Cybersecurity Weekly: Vaccine phish, firewall evasion, VMware authentication fix
Phishing attacks use vaccine surveys to steal personal info. Hackers are using a Windows OS feature to evade firewalls. VMware fixes an authentication bypass. All this, and more, in this week’s edition of Cybersecurity Weekly.
1. Phishing attacks use vaccine surveys to steal personal info
The U.S. Department of Justice warned of phishing attacks using fake post-vaccine surveys to steal money from people or tricking them into handing over their personal information. Attackers promise potential victims cash or prizes for filling out the fake surveys. Instead, they only harvest the personally identifiable information to fuel fraud schemes.
2. Hackers using a Windows OS feature to evade firewall
A novel hacking technique finds ways to use Microsoft's Background Intelligent Transfer Service to deploy malicious payloads on Windows machines. Last year, hospitals, retirement communities and medical centers bore the brunt of an ever-shifting phishing campaign that distributed custom backdoors such as KEGTAP.
3. VMware fixes authentication bypass
VMware addressed a critical vulnerability in the VMware Carbon Black Cloud Workload appliance that could be exploited by attackers to bypass authentication. An attacker can manipulate an URL on the administrative interface of the VMware Carbon Black Cloud Workload appliance to bypass authentication.
4. Over $4 billion lost to cyber crime in 2020
In its 2020 Internet Crime Report, the FBI revealed that the Internet Crime Complaint Center received a record number of complaints from the American public in 2020. It received a total of 791,790 reports during the 12-month period, a 69% increase compared to 2019, with reported losses exceeding $4.1 billion.
5. Ransomware gang wanted $40 million in Florida schools cyberattack
Fueled by large payments from victims, ransomware gangs are demanding ridiculous ransoms from organizations that can not afford to pay them.
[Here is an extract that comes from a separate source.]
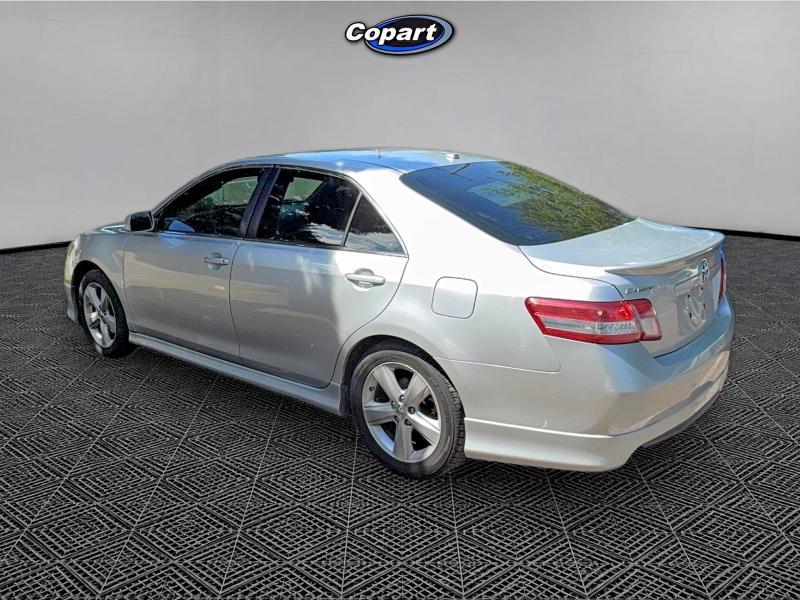 2011 Toyota Camry მანქანა იყიდება აუქციონზე, vin: 4T1BF3EK8BU607127, აუქციონის ნომერი: 55404226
An example of this is a recently revealed ransomware attack on the Broward County Public Schools district where threat actors demanded a $40,000,000 payment.
6. Coinhive domain repurposed to warn visitors of hacked sites
7. Man charged with hacking water system and endangering lives
A 22-year-old man from Kansas has been indicted on charges that he fraudulently accessed a public water facility's computer system, jeopardizing the residents' safety and health in the local community. The threat actor used the compromised endpoint to shut down the cleaning and disinfecting processes at the facility.
8. Hackers set up a fake cybersecurity firm to target security experts
A campaign targeting cybersecurity researchers with malware re-emerged with new tactics in their arsenal as part of a fresh social engineering attack. The new website claims the company is an offensive security company located in Turkey that offers pentests, software security assessments and exploits.
9. 533 million Facebook users' personal data leaked online
Personal information associated with approximately 533 million Facebook users worldwide was leaked on a popular cybercrime forum for free. The data seems to have been obtained by exploiting a vulnerability that enabled automated scripts to scrape Facebook users' public profiles and associated private phone numbers.
10. A $5.7 million crypto heist sent social tokens into free fall
Last week, a hack sunk the value of several social tokens minted and distributed on the social money platform, Roll. The WHALE, RARE and PICA currencies were all hit by more than 50% in price as an attacker made off with almost 3000 ETH, or about $5.7 million.